What’s got generally optimistic general contractors feeling pessimistic

NABE Los Angeles speaker—Ken Simonson, Chief Economist of the Association of General Contractors of America—says confidence is rising, but his research also points towards a looming supply-side obstacle to growth, particularly in California.

General contractors are feeling good these days. It wasn’t always like that.

The industry lost about a third of its annual revenue between 2006 and 2011, and more thantwo million fewer construction workers had jobs. When the bloodletting stopped, unemployment hit over 20 percent.

But times have changed. The industry has grown ever since, and last year didn’t disappoint.

It took 11 years, but private construction spending set an all-time new record ($950 billion) in 2017. And while the US economy grew by 2.3 percent, the construction economy grew 1.5 percentage points faster.

General contractors expect the good times are going keep on rolling this year, according to a key industry economist.

In a speech to members of NABE Los Angeles last month at the downtown L.A. branch of the Federal Reserve Bank of San Francisco, the Association of General Contractors of America’s Chief Economist, Ken Simonson, presented the results of his latest survey, conducted between November and mid-December.

“About 53 percent expect (the) dollar volume of projects they compete for in 2018 to be higher than in 2017,” AGC’s Chief Economist Ken Simonson told NABE LA. That’s up seven percentage points from the year before. Because the survey took place before the tax plan was finalized, Simonson thinks that optimism might even be understated.

The economist’s research sheds light not only on the future pipeline of American infrastructure—our apartments, schools, roads, sewers, office buildings, etc.—but also the state of our straining labor market after seven years of job growth.

California Dreaming

California is the epicenter of industry optimism, it seems.
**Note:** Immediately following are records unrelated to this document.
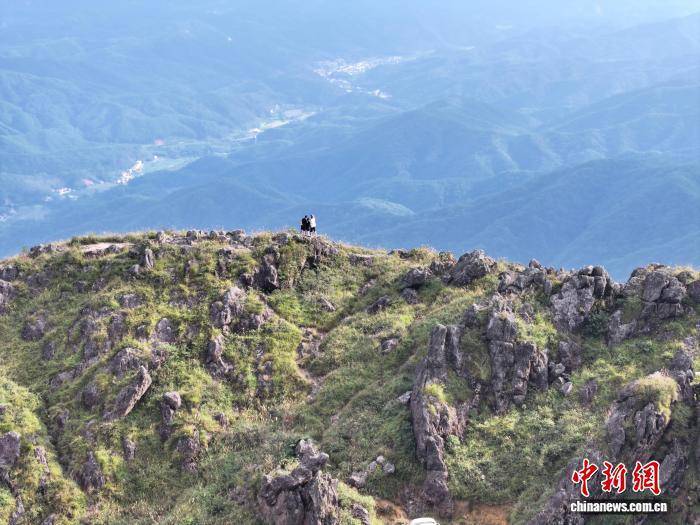 福建龙岩：双髻山别样地质风景吸引游客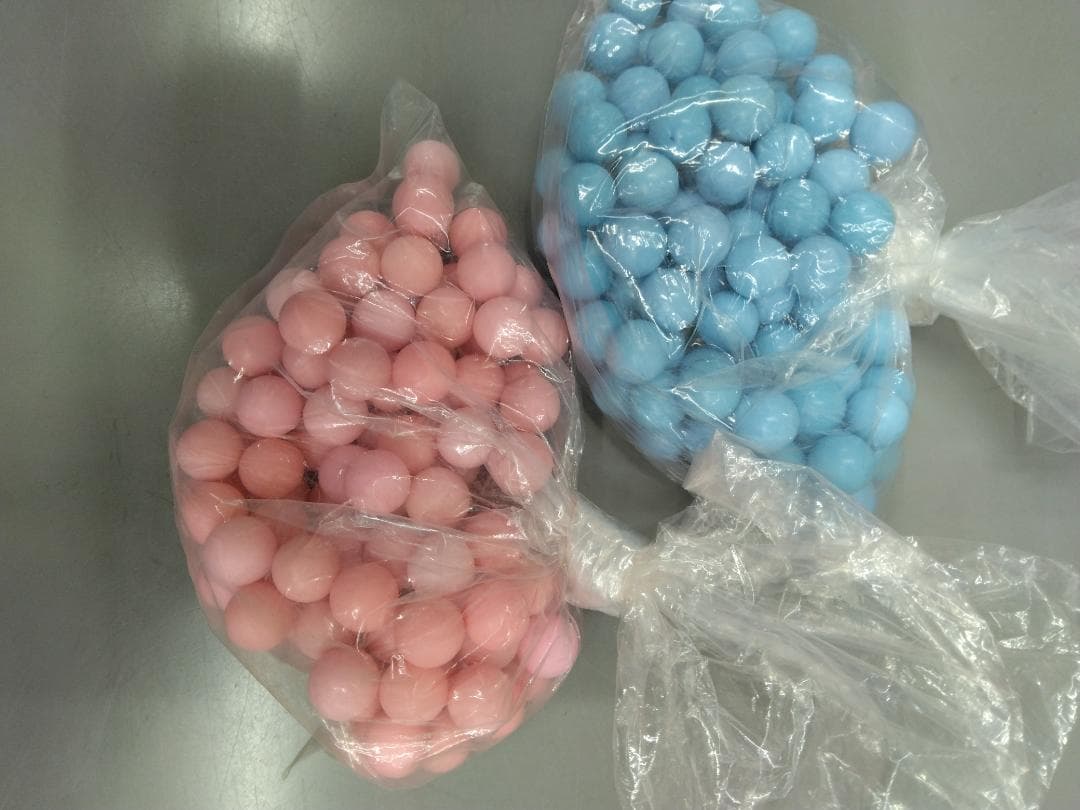 抽選器の玉　水色とピンク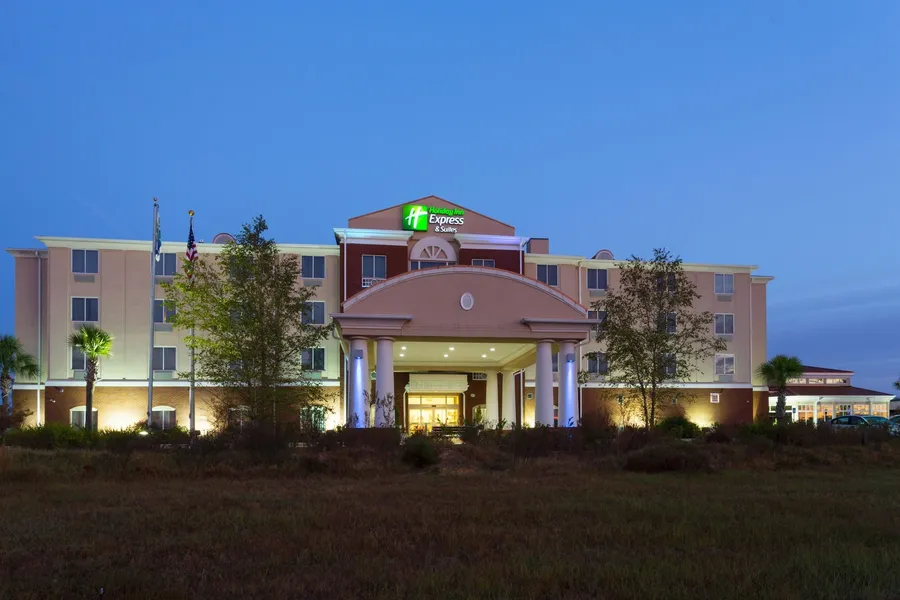 Holiday Inn Express and Suites Moultrie by IHG hotel detail image 2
Hey, after last year, why not feel good?

California’s construction industry has been growing faster than the rest of its economy. No metro area in the United States created more new construction jobs than California’s Inland Empire. In the year ending last November, the Riverside-San Bernardino-Ontario economy saw construction employment rise by 15,100, or 16 percent, according to AGC data. New York City was a distant second place, creating 10,900.
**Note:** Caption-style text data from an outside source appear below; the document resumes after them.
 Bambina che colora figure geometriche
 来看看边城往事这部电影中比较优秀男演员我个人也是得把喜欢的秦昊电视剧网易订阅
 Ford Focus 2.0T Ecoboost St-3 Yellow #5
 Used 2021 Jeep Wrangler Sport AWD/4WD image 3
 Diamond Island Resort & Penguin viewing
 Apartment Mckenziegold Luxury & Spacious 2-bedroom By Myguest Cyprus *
And now 60 percent of Golden State general contractors expect the “dollar volume of projects to be higher” this year. That’s 16 percentage points higher than the national average, according to Simonson’s AGC survey.

However, government spending, though, not private-market demand seems to account for California contractor optimism.
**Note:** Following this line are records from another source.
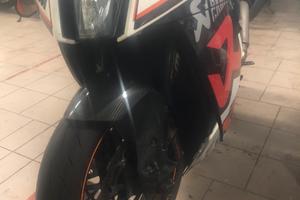 Moto KTM  RC8 serie limitata incidentata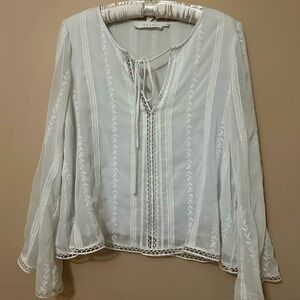 Stunning ASTR the Label White Lace Blouse - Size Medium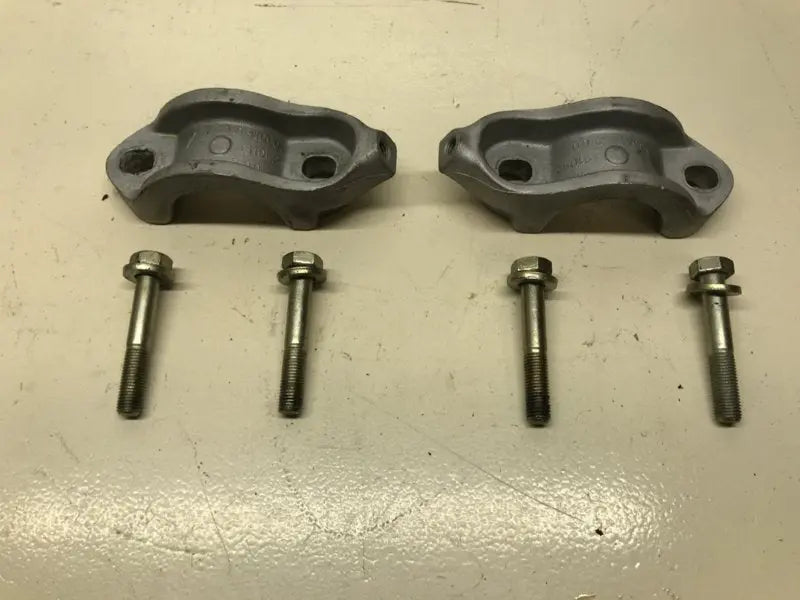 Porsche 928 onderste draagarm voorkant klemmen - set gestraald Origineel Porsche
Fifty-seven percent of general contractors in California believe there’ll be more government spending on transportation facilities (e.g. bus stops or light-rail stations). Another 42 percent expect more to build public buildings (e.g. courthouses) and state and local highways.

Interestingly, if not outright troublingly, no category of private-market demand—not retail or private offices or apartments—evokes nearly as much optimism from California’s builders as government-funded projects.

California Worrying

California is also the epicenter of industry anxiety, too, but it’s not about demand. They expect that.

While general contractors throughout the country have grown increasingly optimistic that there’ll be more money out there to build, they’ve also grown increasingly concerned they won’t have the labor power to get the job done—or even started.

Of 16 issues that contractors complain about, no issue ranks more pressing to them than worker shortages, according to AGC’s survey, which finds 57 percent of contractors report “having a hard time filling salaried positions.”

And that survey shows that it’s a bigger problem in California where, by contrast, 71 percent of contractors now worry about being able to fill salaried positions.

Here’s why:

Construction employment in California grew 6 percent last year, according to AGC data, outpacing 43 other states. And contractors have already hired back almost all the construction workers who lost their jobs during the downturn.

At the height of California’s last construction boom, the industry employed 945,000 workers. Today, it’s employing 840,000.

The question for contractors is now: Do the 105,000 some men and women who used to work in the industry even want their jobs back?

More importantly, can the construction industry—and the broader economy it supports—grow without them?